Consistent with other studies,²² we also observed that mortality trends have improved over time for all patients, although racial gaps previously seen in survival have not closed. In addition for all young women the highest risk of recurrence and mortality appears to be in the first 2-3 years followed by a progressive gradual decline. This is similar to patterns of recurrences seen with ER negative cancers. ER status undoubtedly influences recurrences and survival in young patients over time,²⁹ however, the degree to which the traditional prognostic factors such as ER influence outcome in young BC patients is unclear, considering that over 60% of patients in our study had ER positive disease (whites 64%, blacks 48%, others 67%). Earlier relapses and mortality in young women suggest that there may be other unknown biologic differences that may account for the more aggressive behavior.

Thirdly, consistent with observations we and other have made, the incidence of invasive BC in younger women of all races appear to be increasing.^30-32 This might be explained by stage migration, the change in reproductive risks profile over time such as women having first pregnancies at later ages and breast feeding for shorter durations, or increased awareness and consequently higher uptake of screening in those 40 years and older.

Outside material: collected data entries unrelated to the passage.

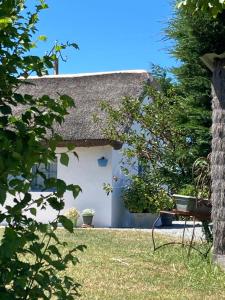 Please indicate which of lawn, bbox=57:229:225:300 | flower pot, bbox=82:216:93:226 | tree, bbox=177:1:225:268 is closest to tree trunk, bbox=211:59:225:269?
tree, bbox=177:1:225:268

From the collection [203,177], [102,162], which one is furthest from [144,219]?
[203,177]

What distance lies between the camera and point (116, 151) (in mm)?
15203

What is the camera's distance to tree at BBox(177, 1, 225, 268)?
7.25 m

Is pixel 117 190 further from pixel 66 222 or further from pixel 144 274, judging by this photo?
pixel 66 222

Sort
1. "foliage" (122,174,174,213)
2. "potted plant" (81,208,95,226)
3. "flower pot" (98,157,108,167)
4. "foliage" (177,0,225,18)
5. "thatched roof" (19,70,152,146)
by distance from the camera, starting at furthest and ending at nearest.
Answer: "thatched roof" (19,70,152,146) < "flower pot" (98,157,108,167) < "potted plant" (81,208,95,226) < "foliage" (122,174,174,213) < "foliage" (177,0,225,18)

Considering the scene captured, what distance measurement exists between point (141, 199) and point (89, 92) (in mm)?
4241

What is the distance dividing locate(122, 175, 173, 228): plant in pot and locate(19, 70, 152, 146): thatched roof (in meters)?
1.47

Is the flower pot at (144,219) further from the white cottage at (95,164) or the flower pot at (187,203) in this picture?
the flower pot at (187,203)

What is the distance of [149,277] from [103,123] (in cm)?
915

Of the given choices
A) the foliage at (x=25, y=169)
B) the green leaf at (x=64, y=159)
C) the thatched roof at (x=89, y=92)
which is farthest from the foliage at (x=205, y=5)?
the thatched roof at (x=89, y=92)

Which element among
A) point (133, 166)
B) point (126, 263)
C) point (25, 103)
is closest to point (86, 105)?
point (133, 166)

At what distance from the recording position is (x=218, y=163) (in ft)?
24.2

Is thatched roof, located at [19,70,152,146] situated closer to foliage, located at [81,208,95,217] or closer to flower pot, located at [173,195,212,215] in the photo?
foliage, located at [81,208,95,217]

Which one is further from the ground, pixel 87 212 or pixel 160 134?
pixel 160 134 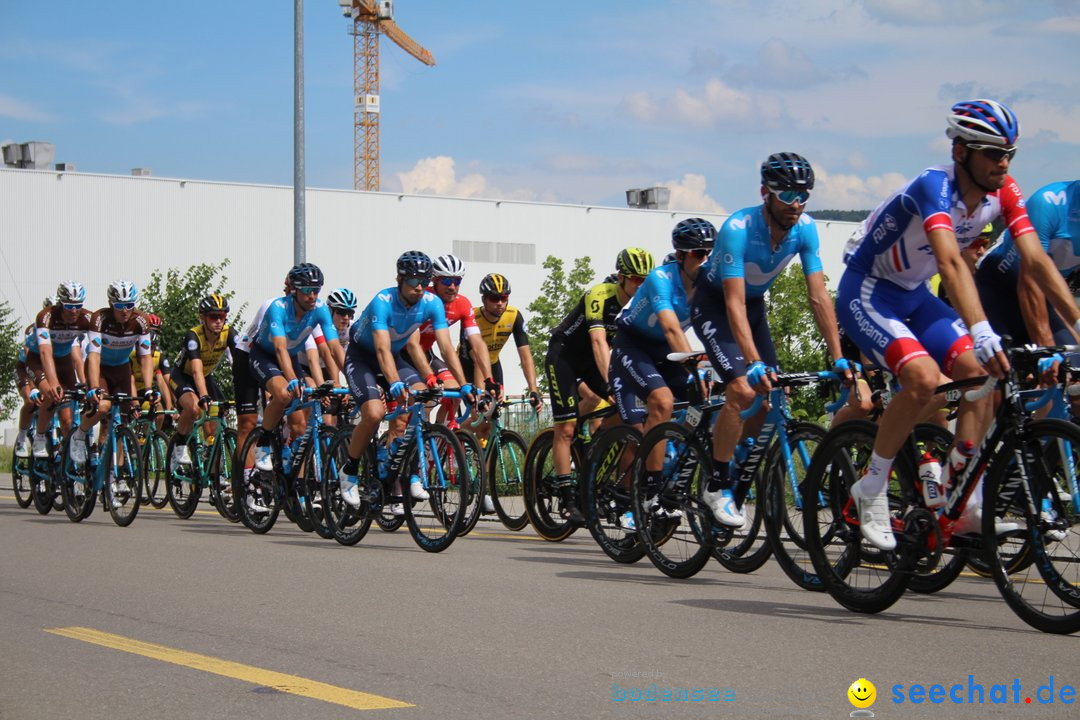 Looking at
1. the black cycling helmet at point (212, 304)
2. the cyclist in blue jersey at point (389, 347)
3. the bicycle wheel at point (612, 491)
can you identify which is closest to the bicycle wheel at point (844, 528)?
the bicycle wheel at point (612, 491)

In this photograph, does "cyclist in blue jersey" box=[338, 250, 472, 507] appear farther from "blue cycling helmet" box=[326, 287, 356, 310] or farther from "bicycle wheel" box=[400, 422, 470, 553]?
"blue cycling helmet" box=[326, 287, 356, 310]

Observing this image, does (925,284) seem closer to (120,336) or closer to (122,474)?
(122,474)

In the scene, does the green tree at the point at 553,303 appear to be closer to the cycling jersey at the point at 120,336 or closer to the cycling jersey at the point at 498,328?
the cycling jersey at the point at 120,336

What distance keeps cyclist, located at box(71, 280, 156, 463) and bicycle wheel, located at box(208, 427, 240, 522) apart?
3.02ft

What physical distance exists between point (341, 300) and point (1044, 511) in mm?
9243

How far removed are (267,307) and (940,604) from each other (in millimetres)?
7238

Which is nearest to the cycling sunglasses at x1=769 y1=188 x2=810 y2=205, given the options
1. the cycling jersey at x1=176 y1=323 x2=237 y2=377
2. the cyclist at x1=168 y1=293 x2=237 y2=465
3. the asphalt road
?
the asphalt road

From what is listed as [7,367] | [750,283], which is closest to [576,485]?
[750,283]

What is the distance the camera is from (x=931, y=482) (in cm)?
651

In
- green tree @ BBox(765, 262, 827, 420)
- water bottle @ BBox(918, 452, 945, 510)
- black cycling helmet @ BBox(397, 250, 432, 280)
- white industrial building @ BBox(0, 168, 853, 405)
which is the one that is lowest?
water bottle @ BBox(918, 452, 945, 510)

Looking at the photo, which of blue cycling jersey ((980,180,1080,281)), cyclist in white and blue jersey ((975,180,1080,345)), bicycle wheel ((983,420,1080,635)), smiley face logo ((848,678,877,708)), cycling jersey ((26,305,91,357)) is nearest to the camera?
smiley face logo ((848,678,877,708))

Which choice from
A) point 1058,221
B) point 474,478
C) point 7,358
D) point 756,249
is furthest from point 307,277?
point 7,358

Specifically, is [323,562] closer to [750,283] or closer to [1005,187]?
[750,283]

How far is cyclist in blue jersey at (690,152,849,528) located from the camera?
8008mm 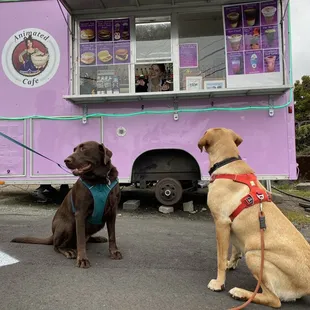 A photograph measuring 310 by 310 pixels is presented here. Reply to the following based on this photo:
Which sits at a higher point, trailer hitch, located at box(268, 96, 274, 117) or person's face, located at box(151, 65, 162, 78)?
person's face, located at box(151, 65, 162, 78)

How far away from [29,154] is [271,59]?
4679 mm

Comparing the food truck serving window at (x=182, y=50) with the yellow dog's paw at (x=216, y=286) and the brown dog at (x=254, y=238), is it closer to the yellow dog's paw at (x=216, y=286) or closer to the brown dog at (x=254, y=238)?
the brown dog at (x=254, y=238)

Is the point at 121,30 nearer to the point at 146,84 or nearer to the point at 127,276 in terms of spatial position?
the point at 146,84

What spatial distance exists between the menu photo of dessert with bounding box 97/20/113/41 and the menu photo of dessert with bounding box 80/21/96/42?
94 mm

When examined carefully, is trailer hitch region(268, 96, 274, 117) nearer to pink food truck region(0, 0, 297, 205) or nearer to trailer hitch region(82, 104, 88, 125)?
pink food truck region(0, 0, 297, 205)

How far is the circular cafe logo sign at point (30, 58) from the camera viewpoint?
6.43m

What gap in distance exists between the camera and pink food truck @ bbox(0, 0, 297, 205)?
5957 mm

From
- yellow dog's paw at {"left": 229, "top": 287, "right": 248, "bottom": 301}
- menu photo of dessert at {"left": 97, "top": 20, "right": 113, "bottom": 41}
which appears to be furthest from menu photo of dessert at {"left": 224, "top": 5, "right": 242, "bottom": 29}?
yellow dog's paw at {"left": 229, "top": 287, "right": 248, "bottom": 301}

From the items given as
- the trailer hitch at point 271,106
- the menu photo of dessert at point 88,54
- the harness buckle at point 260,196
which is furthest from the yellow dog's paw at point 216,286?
the menu photo of dessert at point 88,54

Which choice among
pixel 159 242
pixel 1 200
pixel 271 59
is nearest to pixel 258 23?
pixel 271 59

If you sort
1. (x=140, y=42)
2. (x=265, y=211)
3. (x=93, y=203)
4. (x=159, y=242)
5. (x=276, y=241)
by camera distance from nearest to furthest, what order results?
(x=276, y=241)
(x=265, y=211)
(x=93, y=203)
(x=159, y=242)
(x=140, y=42)

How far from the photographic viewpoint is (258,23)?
596 cm

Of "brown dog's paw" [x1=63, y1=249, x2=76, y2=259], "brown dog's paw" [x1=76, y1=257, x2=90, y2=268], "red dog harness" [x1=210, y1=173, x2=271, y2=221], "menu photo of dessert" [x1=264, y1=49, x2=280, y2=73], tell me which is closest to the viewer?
"red dog harness" [x1=210, y1=173, x2=271, y2=221]

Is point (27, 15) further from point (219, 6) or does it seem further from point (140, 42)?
point (219, 6) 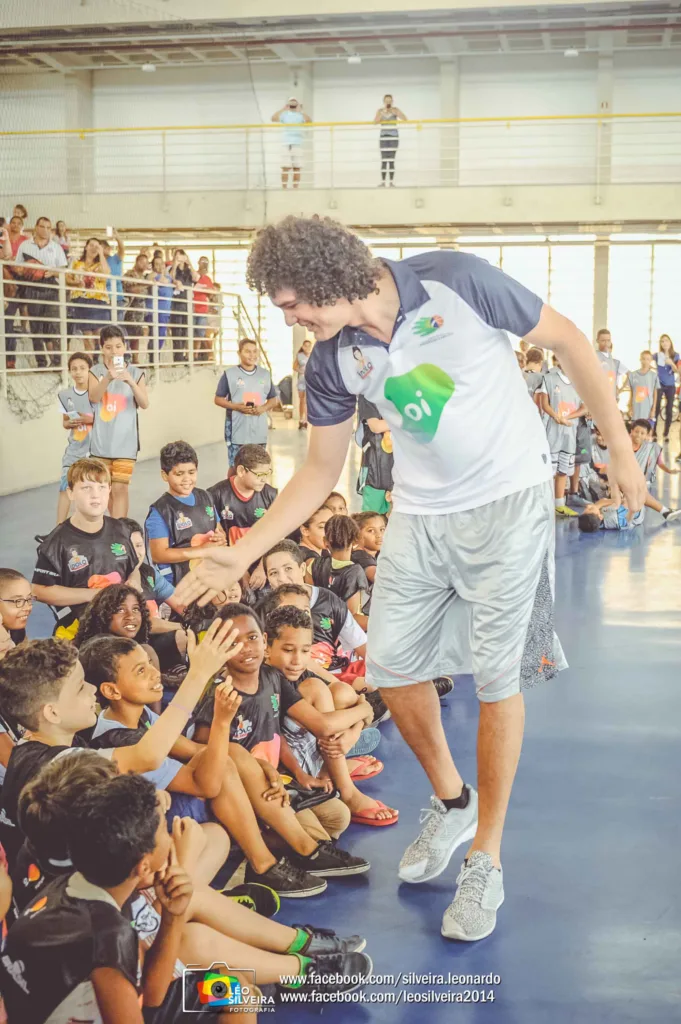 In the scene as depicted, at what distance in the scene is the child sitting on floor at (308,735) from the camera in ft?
10.7

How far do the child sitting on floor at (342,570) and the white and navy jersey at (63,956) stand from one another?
291 centimetres

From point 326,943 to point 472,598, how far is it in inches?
32.7

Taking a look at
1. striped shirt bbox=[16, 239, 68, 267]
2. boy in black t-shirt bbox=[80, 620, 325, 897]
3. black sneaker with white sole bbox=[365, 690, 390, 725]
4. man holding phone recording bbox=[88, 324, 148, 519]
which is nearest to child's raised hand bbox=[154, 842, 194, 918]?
boy in black t-shirt bbox=[80, 620, 325, 897]

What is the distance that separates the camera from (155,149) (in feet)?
63.7

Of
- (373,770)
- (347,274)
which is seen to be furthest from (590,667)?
(347,274)

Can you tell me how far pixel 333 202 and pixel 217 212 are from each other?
5.95 feet

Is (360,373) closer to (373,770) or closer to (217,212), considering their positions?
Answer: (373,770)

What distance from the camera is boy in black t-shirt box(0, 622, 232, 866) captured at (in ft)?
7.32

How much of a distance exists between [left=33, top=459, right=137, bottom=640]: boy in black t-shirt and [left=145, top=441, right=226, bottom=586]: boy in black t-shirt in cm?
68

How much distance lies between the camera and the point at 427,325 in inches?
96.2

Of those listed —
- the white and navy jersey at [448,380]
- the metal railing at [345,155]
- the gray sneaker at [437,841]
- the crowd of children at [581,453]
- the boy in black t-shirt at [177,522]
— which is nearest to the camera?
the white and navy jersey at [448,380]

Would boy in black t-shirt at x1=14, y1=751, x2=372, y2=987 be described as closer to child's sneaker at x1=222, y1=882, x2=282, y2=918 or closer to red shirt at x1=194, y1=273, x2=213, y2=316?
child's sneaker at x1=222, y1=882, x2=282, y2=918

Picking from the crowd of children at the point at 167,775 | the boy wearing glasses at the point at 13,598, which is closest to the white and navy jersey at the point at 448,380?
the crowd of children at the point at 167,775

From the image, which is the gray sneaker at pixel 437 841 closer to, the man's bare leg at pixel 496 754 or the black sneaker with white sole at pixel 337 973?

Our data must be interpreted in the light of its limitations. It is possible that the inability to include data on HER2 status may confound the interpretation of these results. However, there is no scientific evidence to suggest that trends in HER2 positivity have changed over time in young women. Similarly, this analytic cohort has missing data on ER in 11-15% of patients. Consistent with other studies, black patients appeared to have a slightly higher proportion of missing ER than whites.³³ It is unclear what directional changes to the results these biases may have introduced. Although others have used statistical approaches to impute missing data, we have not done so in this particular analysis due to our hesitation in employing such techniques to reassign unknown ER status, a crucial classifier of BC. Information on systemic treatment is also not collected in SEER; however, most young women are generally treated more aggressively with chemotherapy. The cutoff age of 49 selected for the purposes of these analyses is somewhat arbitrary as there is no unanimously established definition of ‘early-onset’ BC. Finally, it is now quite clear that the molecular classification of BC³⁴ is probably more pertinent in clinical outcome than ER, PR, and HER2, however, this information is not yet used in routine clinical practice.

In conclusion, young black women have higher mortality rates than other young women with BC irrespective of stage or hormone receptors. Further studies investigating the unique tumor biology that leads to black women having the greatest risk of death are warranted.